Shin Pain

Shin pain is an extremely common complain amongst athletes. The term ‘shin splints’ has been used in the past to describe the pain along the medial border of the shin commonly experienced by runners.

Shin pain generally involves one or more of three pathological processes. Bone Stress; Inflammation; Raised intracompartment pressure. These three abnormalities can usually be distinguished on the basis of history examination and investigation, all of which your podiatrist can help you with. It is important to remember that two or three of these conditions may exist together.

One of the major causes of all three injuries is abnormal biomechanics, which is where we as podiatrist come to the forefront of treatment. Shin pain occurs in athletes with both extremes of foot type. A rigid, high arched foot has limited shock attenuation, thus increasing the impact pressure on the bone.
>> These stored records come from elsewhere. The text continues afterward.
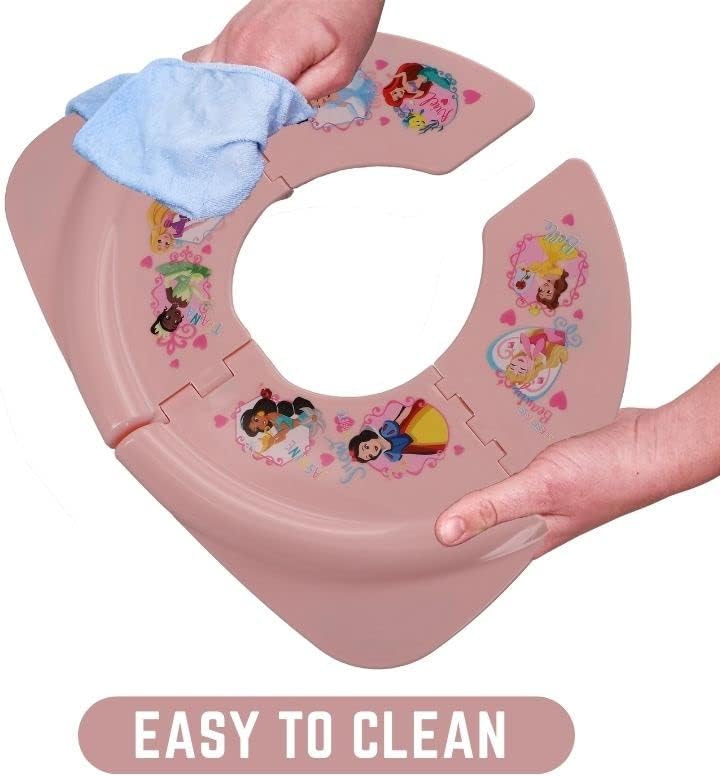Toddler folding toilet seat being placed into its clear hygienic zip lock storage bag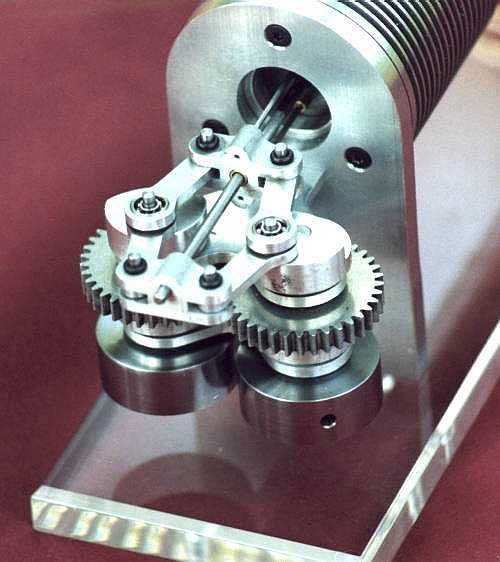 Silver metal gear mechanism on clear acrylic base with interlocking teeth.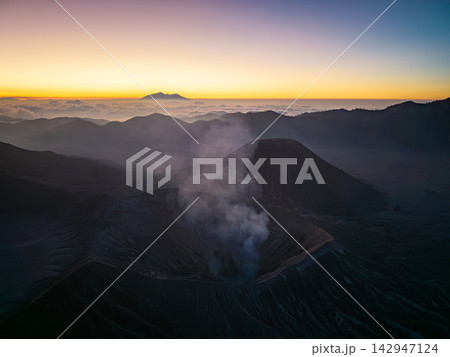 Mount Bromo Volcanic Landscape Above Clouds at Sunset 142947124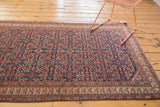 Decorative view of an antique Mission Malayer rug showing its rich navy Herati field and intricate ivory border.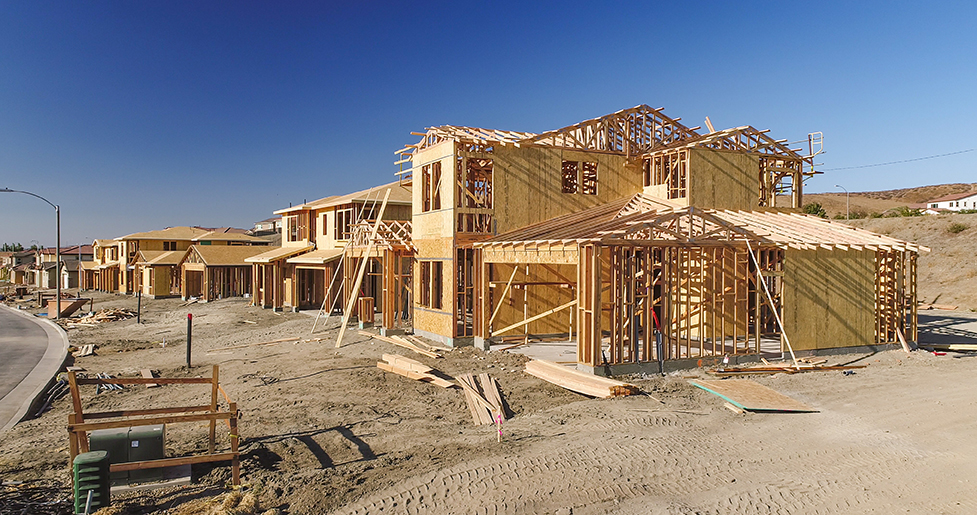 A subdivision, multiple houses along a street, under construction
In athletes with excessively pronated feet, the muscles of the superficial and deep compartments are required to contract harder and longer eccentrically to resist pronation after heel strike. On toe off, they then work hard concentrically to accelerate supination, with fatigue these muscles fail to provide the normal degree of shock absorption. This mechanism may lead to the development of a stress fracture or periostitis and will exacerbate the tendency to develop compartments syndromes. An athlete with excessive pronation has a tendency to develop lateral shin pain, especially when pronation occurs during toe-off.

Tight calf muscles, which commonly occur as a result of hard training, will restrict ankle dorsiflexion and increase tendency for excessive pronation, leading to increased rotation of the tibia.

As Podiatrist we treat these conditions mentioned above by examining and undertaking a full biomechanical and gait assessment with our silicon coach gait assessment technology, and can correct any biomechanical imbalances with use of orthotics and often footwear changes. Also sending you off for any scans you may require.  In the short term we can also help by reducing the tightness with the legs and healing the areas with massage, dry needling and various taping techniques, rehab and exercise programs for so you can make a successful return to your activity.